Ce courant vient de l’état de nature chez Hobbes, pour qui « l’homme est un loup pour l’homme », et qui ne consent à coopérer que par crainte de la mort et lorsqu’il y trouve son intérêt, sans que cela aille jamais plus loin. Le droit naturel est irréductible. Tout ce qui n’est pas interdit par la loi est permis, c’est le le « silence de la loi ». Mais les lois humaines sont limitées par le « droit naturel », c’est-à-dire par la liberté ou puissance de chacun. Alors chacun a le droit de désobéir et de résister par la force : c’est ce qui a motivé Trump et ses partisans lors de l’assaut contre le Capitole.

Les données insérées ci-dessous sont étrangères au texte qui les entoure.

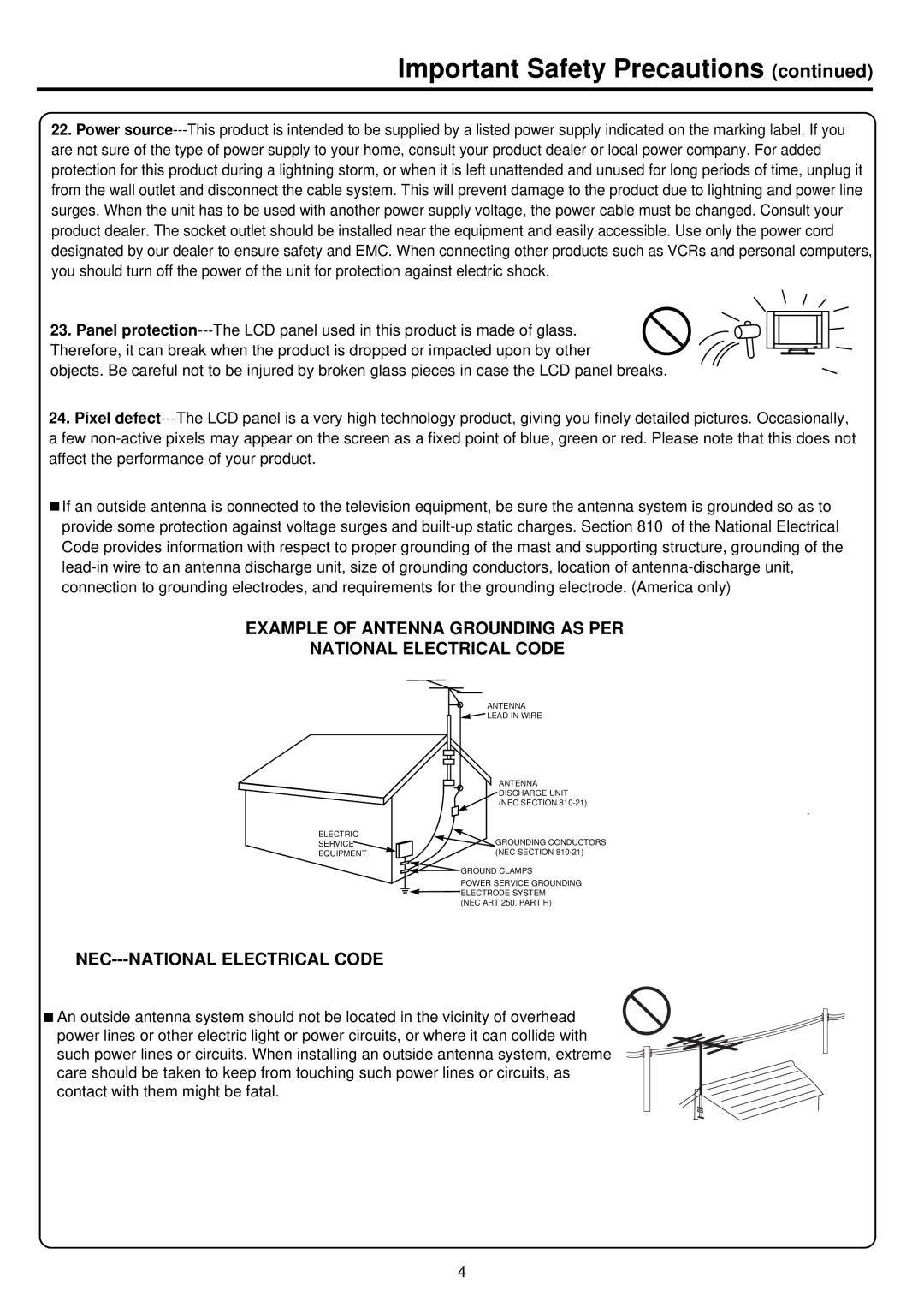 NEC TFTV515Y owner manual Example of Antenna Grounding AS PER National Electrical Code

Aussi récuse-t-il toute assistance, gaspillage selon lui, affirme le droit de porter des armes et de dire tout ce qu’il pense sans aucune censure. Elon Musk et son réseau X sont dans ce cas, Donald Trump en est le représentant le plus égotiste, un individualisme radical et armé que défend la droite dure aux États-Unis – « ultra » droite dit la gauche. Le libertarien Tim Moen, candidat aux législatives canadiennes de 2014, avait un slogan qui résume tout : «Je veux que les couples gays mariés puissent défendre leurs plants de marijuana avec leurs fusils.»

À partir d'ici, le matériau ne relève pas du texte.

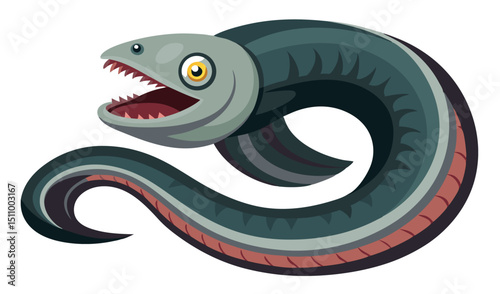 Cartoon moray eel illustration open mouth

Économiquement, il s’agit d’un anarcho-capitalisme où la concurrence est reine dans un libre-marché, le « deal » son arme, et le droit du plus fort sa valeur phare. Ron Paul, sous Reagan, a influencé le président. Javier Milei en Argentine, éduqué à la dure par un père violent, en est un partisan, brandissant sa tronçonneuse pour couper toutes les dépenses inutiles de l’État. Le désir individuel est tout-puissant, présenté comme un progrès pour tous, dans une indifférence absolue des gouvernements et des acquis sociaux collectifs. Car rien de ce qui est collectif n’est bon pour le libertarien. Esprit start-up, uberisation, autoentreprise, hunger games (combats à mort télévisés où des adolescents s’entretuent pour de divertir les dirigeants)  : voilà ce qui est préféré. Et que le meilleur gagne, tant pis pour les losers.

C’est un libéralisme de tout-puissant, plus mythifié que réalisé, tant les États-Unis se sentent en déclin et contestés de toutes parts (par la Chine, la Russie, les pays arabes, l’Afrique…). Rien d’étonnant à ce qu’ils se replient sur eux-mêmes et exacerbent leurs « valeurs » traditionnelles du « gros bâton » : celles du Pionnier libertarien.

Issu des travaux de Ludwig von Mises et Friedrich Hayek en économie, le libertarianisme est théorisé politiquement par Robert Nozick dans Anarchie, État et utopie, où il prône un État minimaliste. En France, Gaspard Koenig frôle cette approche en vilipendant les normes abusives, mais sans exclusive.